Dans la France de 2019, il se passe des choses étranges... Sous couvert de liberté d'expression, nombre de personnalités se prennent les pieds dans le tapis et prononcent des phrases dans les médias d'une violence inouïe. Recherche d'audimat pour la chaîne, volonté de faire parler de soi, incapacité à s'exprimer autrement qu'en rentrant dans le lard de la personne avec qui vous êtes en train d'échanger... tout ceci mis bout à bout a pour conséquence une chute vertigineuse de la qualité des échanges dans le pays supposé des Lumières.
Hier soir sur LCI, David Pujadas animait un débat, La grande confrontation, sur un sujet "fou" : la liberté d'expression. Il y a été question d'homophobie, des violences faites aux femmes, du port du voile, etc. Sur le fond, pourquoi pas. Si ce n'est que, comme c'est désormais monnaie courante à la télévision, on y invite à s'exprimer des personnes aux idées plus que tranchées, à la langue bien pendue. De débat, on bascule très vite dans le pugilat. Il ne s'agit plus d'échanger des idées, mais d'en mettre plein la tronche de la personne d'en face. Il ne s'agit plus de permettre aux uns et aux autres d'élever le niveau de débat en France, mais de faire tout ce qui est possible pour favoriser le "tribunal du tweet" (copyright de l'expression : l'avocat Emmanuel Pierrat). Si chaque petite séquence de l'émission peut déclencher des échanges sur les réseaux sociaux, que ce soit en bien ou un mal, alors c'est gagné. Quel serait l'intérêt d'un débat convenu et poli ? Les téléspectateurs iraient se coucher, la twittosphère aussi. Il faut donc du buzz, il faut déclencher les passions et les haines. Ce que le journaliste Philippe Val a bien compris. Participant à cette émission, il explique : "Nous avons perdu la culture du débat. Nous sommes sur des positions morales et ces positions sont inconciliables". Pour lui, il y a d'un côté le bien, de l'autre mal et ces deux positions ne se parlent plus et ne sont plus en mesure de s'écouter.
Alain Finkielkraut |
De fait, mettez un Alain Finkielkraut en face de la féministe Caroline de Haas et vous comprendrez en deux minutes que ces deux personnes ne sont pas en mesure d’échanger sinon sereinement, au moins poliment.
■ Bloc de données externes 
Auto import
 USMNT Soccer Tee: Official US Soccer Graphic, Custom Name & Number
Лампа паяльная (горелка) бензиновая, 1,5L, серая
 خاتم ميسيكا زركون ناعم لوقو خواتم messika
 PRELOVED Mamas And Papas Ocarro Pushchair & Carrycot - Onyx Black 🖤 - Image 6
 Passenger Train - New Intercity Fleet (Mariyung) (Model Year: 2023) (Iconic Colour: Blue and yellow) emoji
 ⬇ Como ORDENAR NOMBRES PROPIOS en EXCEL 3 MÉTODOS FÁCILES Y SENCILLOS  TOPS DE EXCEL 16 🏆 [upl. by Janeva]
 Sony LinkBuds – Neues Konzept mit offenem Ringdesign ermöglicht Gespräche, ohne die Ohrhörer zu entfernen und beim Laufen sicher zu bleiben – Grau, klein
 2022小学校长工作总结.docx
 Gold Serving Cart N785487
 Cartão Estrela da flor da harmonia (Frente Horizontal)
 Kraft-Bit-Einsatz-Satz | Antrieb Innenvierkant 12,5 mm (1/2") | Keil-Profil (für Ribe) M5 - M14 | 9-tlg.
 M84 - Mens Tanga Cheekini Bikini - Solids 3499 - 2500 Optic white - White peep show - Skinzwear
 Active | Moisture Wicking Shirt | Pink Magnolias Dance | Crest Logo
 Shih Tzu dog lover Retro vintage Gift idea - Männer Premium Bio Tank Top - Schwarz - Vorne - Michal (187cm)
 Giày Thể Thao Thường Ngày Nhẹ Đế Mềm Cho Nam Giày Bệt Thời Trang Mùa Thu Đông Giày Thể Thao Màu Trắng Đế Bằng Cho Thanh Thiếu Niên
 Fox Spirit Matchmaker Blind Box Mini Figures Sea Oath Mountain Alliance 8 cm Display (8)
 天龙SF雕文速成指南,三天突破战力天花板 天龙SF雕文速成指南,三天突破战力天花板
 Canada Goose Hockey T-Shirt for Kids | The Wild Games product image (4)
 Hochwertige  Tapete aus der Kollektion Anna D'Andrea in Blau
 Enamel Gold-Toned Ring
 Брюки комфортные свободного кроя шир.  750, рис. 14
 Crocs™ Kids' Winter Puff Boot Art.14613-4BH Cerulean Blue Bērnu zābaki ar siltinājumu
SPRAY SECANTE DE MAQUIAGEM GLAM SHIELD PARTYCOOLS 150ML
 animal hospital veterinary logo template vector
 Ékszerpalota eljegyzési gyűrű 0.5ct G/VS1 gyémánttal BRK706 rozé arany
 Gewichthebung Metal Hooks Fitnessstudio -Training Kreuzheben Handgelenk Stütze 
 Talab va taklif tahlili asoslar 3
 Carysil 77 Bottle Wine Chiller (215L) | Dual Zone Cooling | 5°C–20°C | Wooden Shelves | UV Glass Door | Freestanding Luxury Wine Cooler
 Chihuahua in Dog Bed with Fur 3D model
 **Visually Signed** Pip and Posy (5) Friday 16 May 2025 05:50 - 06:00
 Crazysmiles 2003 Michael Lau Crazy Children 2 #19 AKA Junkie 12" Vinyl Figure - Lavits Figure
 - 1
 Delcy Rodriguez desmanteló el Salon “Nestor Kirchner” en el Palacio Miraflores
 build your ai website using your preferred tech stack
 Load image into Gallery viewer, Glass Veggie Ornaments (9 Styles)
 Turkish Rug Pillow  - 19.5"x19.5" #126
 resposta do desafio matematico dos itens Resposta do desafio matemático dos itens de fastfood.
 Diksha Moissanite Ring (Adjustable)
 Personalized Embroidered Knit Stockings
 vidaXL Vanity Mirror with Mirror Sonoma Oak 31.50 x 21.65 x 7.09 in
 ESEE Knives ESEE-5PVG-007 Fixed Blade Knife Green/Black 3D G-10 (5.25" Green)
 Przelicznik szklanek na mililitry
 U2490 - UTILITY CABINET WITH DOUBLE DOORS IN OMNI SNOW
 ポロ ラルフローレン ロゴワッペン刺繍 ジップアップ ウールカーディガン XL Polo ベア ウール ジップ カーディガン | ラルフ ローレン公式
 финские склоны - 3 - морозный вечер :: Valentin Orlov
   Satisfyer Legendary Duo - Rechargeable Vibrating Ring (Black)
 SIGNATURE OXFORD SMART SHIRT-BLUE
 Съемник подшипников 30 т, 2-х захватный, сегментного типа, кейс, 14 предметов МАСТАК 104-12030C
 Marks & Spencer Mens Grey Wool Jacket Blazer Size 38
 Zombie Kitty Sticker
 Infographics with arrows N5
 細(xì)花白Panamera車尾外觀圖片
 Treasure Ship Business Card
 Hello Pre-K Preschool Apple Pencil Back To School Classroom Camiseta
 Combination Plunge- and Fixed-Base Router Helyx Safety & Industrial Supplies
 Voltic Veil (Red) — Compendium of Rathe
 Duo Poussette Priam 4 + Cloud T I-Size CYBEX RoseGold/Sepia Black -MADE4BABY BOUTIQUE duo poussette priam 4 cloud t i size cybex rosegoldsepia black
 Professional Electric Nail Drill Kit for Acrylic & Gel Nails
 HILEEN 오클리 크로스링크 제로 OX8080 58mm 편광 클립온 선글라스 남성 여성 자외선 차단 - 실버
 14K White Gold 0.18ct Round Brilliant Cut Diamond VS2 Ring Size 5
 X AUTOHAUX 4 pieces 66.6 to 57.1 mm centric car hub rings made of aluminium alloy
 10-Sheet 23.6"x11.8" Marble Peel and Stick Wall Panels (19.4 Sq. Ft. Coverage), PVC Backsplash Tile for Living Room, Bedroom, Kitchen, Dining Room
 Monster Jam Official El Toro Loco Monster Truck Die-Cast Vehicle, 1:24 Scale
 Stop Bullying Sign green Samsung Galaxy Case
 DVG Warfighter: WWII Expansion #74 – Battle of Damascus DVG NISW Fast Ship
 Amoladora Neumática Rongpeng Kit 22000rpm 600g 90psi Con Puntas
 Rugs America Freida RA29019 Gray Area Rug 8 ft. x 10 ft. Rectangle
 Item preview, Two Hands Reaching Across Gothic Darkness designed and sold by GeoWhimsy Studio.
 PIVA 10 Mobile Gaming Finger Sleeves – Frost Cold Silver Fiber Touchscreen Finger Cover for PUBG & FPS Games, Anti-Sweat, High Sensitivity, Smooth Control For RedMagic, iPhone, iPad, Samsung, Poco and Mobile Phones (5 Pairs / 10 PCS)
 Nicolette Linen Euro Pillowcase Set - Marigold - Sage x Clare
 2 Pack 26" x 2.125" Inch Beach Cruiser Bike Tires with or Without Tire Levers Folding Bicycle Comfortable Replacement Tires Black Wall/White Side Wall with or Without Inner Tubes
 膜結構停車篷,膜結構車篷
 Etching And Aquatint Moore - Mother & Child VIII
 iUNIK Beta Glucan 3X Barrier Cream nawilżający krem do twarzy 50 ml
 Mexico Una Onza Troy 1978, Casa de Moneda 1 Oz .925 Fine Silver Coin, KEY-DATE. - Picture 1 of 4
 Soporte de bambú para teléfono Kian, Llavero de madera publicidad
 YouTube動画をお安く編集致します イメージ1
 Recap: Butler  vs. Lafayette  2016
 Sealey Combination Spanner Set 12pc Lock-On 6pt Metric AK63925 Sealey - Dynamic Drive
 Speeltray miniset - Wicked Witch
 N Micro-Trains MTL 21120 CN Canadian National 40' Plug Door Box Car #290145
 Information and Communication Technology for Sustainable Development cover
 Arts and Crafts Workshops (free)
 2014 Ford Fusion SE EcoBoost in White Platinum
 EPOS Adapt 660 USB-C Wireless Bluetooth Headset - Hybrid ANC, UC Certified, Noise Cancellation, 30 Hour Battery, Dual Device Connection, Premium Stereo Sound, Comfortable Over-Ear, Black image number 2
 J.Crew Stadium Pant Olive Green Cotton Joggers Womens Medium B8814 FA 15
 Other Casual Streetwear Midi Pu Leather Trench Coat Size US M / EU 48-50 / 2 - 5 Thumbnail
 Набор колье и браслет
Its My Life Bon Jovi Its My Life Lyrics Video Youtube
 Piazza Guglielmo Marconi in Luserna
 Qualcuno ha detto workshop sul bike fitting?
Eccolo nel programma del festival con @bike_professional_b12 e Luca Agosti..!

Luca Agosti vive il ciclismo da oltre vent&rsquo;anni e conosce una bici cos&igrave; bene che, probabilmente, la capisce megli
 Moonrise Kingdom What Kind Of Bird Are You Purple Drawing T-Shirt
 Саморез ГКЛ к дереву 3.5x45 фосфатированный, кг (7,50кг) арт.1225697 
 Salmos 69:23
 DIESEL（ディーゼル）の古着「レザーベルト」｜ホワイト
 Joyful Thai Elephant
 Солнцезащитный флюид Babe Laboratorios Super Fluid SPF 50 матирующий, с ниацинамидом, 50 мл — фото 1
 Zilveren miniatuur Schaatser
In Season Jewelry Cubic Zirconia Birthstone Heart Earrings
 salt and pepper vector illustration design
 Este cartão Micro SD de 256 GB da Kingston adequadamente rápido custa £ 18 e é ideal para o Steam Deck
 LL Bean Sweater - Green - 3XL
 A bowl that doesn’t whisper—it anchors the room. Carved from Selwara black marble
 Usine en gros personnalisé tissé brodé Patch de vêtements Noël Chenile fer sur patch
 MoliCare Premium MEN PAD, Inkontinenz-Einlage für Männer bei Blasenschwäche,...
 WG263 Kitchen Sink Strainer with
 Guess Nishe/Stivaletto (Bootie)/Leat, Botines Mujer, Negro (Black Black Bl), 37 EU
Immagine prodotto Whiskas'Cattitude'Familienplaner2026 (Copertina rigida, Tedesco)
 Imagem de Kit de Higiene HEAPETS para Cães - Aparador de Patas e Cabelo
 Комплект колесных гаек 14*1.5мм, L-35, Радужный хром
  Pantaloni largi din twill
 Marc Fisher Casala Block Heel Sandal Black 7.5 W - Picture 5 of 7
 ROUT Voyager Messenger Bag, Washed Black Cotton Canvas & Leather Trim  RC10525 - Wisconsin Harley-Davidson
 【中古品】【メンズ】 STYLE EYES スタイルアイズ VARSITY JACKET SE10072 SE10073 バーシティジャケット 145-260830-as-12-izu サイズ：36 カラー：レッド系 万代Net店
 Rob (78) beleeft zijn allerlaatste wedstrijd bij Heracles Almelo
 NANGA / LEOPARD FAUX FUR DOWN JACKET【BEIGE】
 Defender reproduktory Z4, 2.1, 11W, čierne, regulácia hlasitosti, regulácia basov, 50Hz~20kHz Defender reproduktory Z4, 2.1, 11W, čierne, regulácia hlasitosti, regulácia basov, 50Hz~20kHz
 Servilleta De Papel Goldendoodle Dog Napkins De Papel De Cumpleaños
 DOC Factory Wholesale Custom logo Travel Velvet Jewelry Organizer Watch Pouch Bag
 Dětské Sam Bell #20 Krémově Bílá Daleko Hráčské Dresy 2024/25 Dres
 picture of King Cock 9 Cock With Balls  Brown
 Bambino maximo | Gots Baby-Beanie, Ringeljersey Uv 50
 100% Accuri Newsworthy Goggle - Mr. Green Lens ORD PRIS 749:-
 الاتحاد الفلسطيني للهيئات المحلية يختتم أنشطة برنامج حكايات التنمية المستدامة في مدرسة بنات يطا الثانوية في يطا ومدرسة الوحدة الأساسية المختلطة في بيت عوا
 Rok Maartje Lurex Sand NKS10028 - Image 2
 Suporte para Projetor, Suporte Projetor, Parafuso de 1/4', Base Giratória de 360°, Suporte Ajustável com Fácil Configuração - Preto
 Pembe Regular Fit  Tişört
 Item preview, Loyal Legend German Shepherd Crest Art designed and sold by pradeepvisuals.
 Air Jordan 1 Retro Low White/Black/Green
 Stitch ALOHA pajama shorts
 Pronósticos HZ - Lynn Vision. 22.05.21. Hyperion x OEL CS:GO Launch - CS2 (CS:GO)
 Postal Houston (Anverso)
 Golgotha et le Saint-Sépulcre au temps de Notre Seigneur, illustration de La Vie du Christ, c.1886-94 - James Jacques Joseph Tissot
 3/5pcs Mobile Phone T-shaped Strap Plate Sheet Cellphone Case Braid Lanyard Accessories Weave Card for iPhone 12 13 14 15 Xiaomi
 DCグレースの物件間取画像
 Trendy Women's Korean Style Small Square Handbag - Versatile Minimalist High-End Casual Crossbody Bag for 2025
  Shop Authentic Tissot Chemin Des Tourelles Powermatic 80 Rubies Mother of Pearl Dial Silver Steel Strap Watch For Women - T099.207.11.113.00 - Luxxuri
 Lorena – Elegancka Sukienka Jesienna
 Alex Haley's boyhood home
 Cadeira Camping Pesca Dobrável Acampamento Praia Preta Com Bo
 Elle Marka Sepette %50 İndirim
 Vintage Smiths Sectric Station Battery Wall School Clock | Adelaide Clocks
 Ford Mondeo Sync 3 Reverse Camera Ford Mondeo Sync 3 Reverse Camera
Et c'est ainsi qu'en deux temps, trois mouvements, le "philosophe" prend fait et cause pour Roman Polanski en considérant que ce dernier est au-dessus de tout soupçon et que, quelques dizaines de minutes plus tard, pensant peut-être qu'il aurait ainsi le dernier mot et ferait taire les femmes assises face à lui, il balance : "Je dis aux hommes "violez les femmes". D’ailleurs je viole la mienne tous les soirs". David Pujadas parle de second degré pour défendre cet homme. Mais quand même, il s'agit d'un académicien, d'un intellectuel - soit disant -, d'un homme qui trouve un micro tendu devant lui en permanence. D'où vient ce besoin de parler si violemment ?
Il ne se passe plus une semaine désormais sans son scandale médiatique où l'on prône la violence sous toutes ses formes. Quid de la bienveillance, de la tolérance, de l'esprit d'ouverture ? Quid de la liberté, de l'égalité et de la fraternité que l'on continue d'afficher sur les frontons de nos mairies sans que l'on n'en trouve plus une once au quotidien ? D'où vient cette manie de jeter de l'huile sur le feu en permanence, pour faire le buzz ? Sauf erreur de ma part, à ce jour, on comptabilise 132 femmes assassinées en 2019 en France par leur conjoint ou ex-conjoint. Le ministère de l'Intérieur avance le chiffre de 250 viols enregistrés chaque jour dans notre pays. Et des pseudos-intellectuels en sont encore à faire du "second degré" sur le viol ? C'est ça la liberté d'expression que l'on revendique ? Aujourd'hui, il semble que David Pujadas ne soit pas repentant. Il ne revient pas sur les propos tenus par Finkielkraut mais affiche son enthousiasme et sa fierté :
On précisera que des actions sont d'ores et déjà entamées auprès du CSA pour dénoncer les propos tenus au cours de l'émission.